J'ai publié un article sur la virtualisation sur IBM i il y a un an afin de montrer qu'IBM n'était pas en reste.
Cet article n'est pas exhaustif, mais il aborde quelques points importants sur les dernières techniques de virtualisation sur IBM i.
Je me permets donc de le recopier ici.
Attention, il date de mai 2009, d'autres nouveautés sont apparues entre

Bonne lecture ... pour ceux qui iront jusqu'au bout
IBM i 6.1 et virtualisation

Gamme Power Systems 2008
Nombreuses sont les personnes qui, aujourd’hui encore, parlent d’AS/400 lorsqu’elles abordent le sujet du serveur midrange d’IBM. Pourtant, ce dernier n’existe officiellement plus depuis 2000, il a d’abord été remplacé par le iSeries puis par le System i5 en 2004.
En 2008, IBM a initié une convergence des serveurs System i (ex AS/400) et System p (ex RS/6000) afin de rationaliser sa gamme. Cette unification des serveurs midrange a produit une nouvelle gamme : les Power Systems.
Tous les serveurs de cette nouvelle famille sont pourvus de processeurs POWER6.
Désormais, on parle donc de Power Systems plutôt que d’AS/400, de RS/6000, de iSeries, de pSeries, de System i ou de System p. Ce nouveau serveur constitue une plateforme unique pouvant héberger différents systèmes d’exploitation.

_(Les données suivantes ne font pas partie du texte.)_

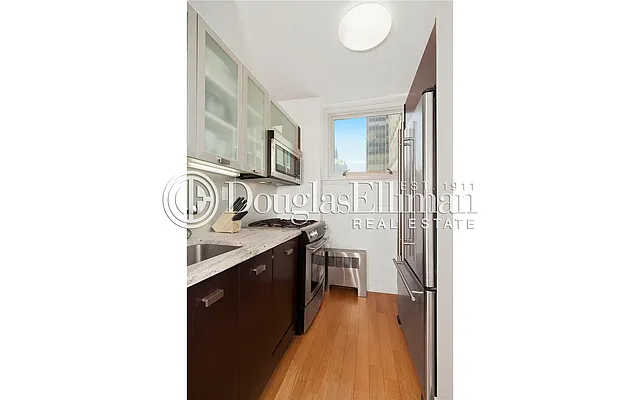 Sold by Douglas Elliman | media 12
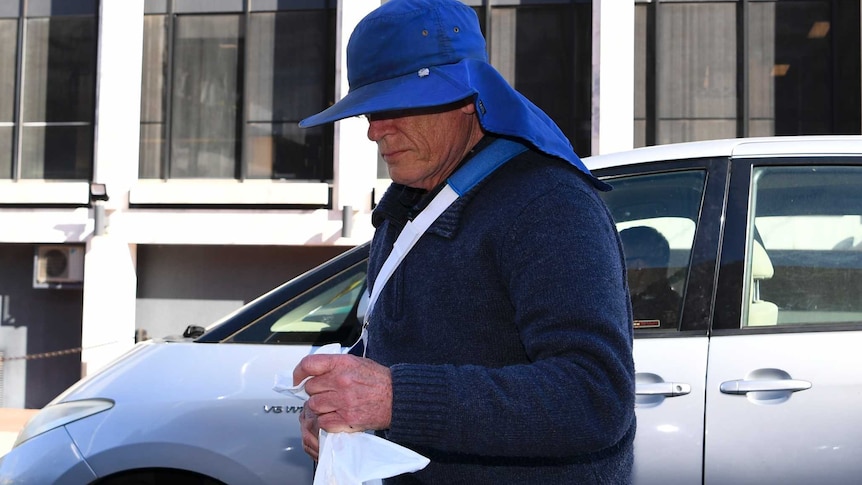 David Eastman's face is obscured by a large hat as he steps out of a car.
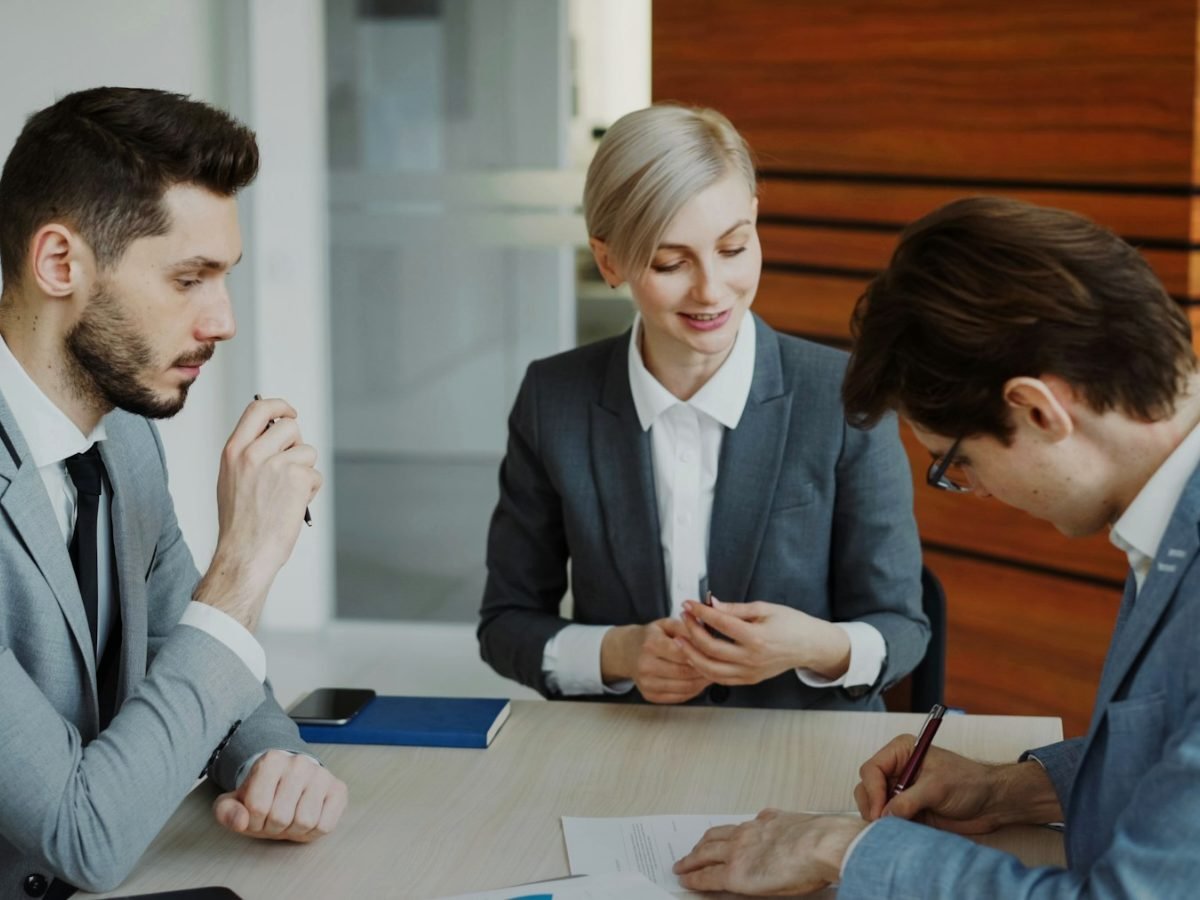Attorneys meeting with a client at a law firm office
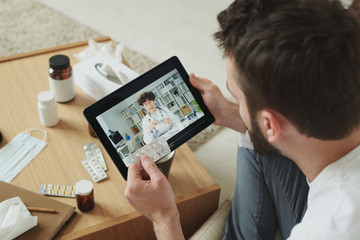 Sick man with tablets and mobile gadget consulting doctor in the net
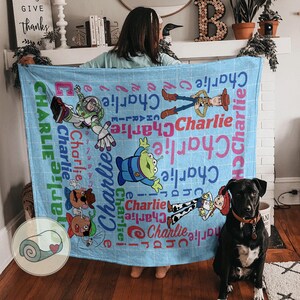 May include: A light blue blanket featuring characters from the Toy Story movie, including Buzz Lightyear, Woody, and an alien. The name "Charlie" is printed in various colors and fonts across the blanket. A black dog is sitting in front of the blanket.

Le système d’exploitation IBM i est le digne successeur de l’OS/400, qui avait été renommé i5/OS en V5R3. Désormais, son nom officiel est « IBM i operating system » ou tout simplement « i » pour les intimes.
Si au premier abord, il ne semble pas y avoir de changements majeurs dans le système d’exploitation de Rochester, ce n’est qu’une impression. En fait, IBM i contient, comme à son habitude, un grand nombre de nouvelles fonctionnalités, mais cette fois, IBM a mit le focus sur la virtualisation.
La virtualisation : mythe ou réalité ?
La virtualisation n’est pas une nouveauté chez IBM, les premiers travaux datent de 1967, avec une implémentation sur l’AS/400 depuis le milieu des années 90, avec tout d’abord la virtualisation des environnements Windows et OS/2 sous forme de serveurs intégrés, puis avec l’apparition du partitionnement logique (LPAR).
Au fur et à mesure des versions, de nouvelles fonctions de virtualisation sont venues enrichir la plateforme :
- intégration d’un hyperviseur
- virtualisation du processeur et de la mémoire
- virtualisation des cartes PCI (Peripheral Component Interconnect)
- virtualisation des environnements Linux POWER sous i5/OS
- virtualisation des environnements AIX sous i5/OS
- support des environnements Linux x86 et VMWare sous i5/OS
- intégration de l’espace de stockage sur des baies de disque SAN (ESS800, DS6800 et DS8x00)
- cartes réseaux et fonctions TCP/IP virtuelles
- lecteurs de CD/DVD et bandes virtuelles
- …
Toutes ces fonctions, largement utilisées depuis de nombreuses années sur la plateforme System i, contribuent d’une part à l’amélioration des performances et de la disponibilité des serveurs et d’autre part à la réduction des coûts des environnements. Il n’en reste pas moins qu’IBM ne les a pas mises en valeur et que, jusqu’à présent, personne n’était capable de donner un nom au système de virtualisation d’IBM pour la simple et bonne raison qu’il n’en avait pas !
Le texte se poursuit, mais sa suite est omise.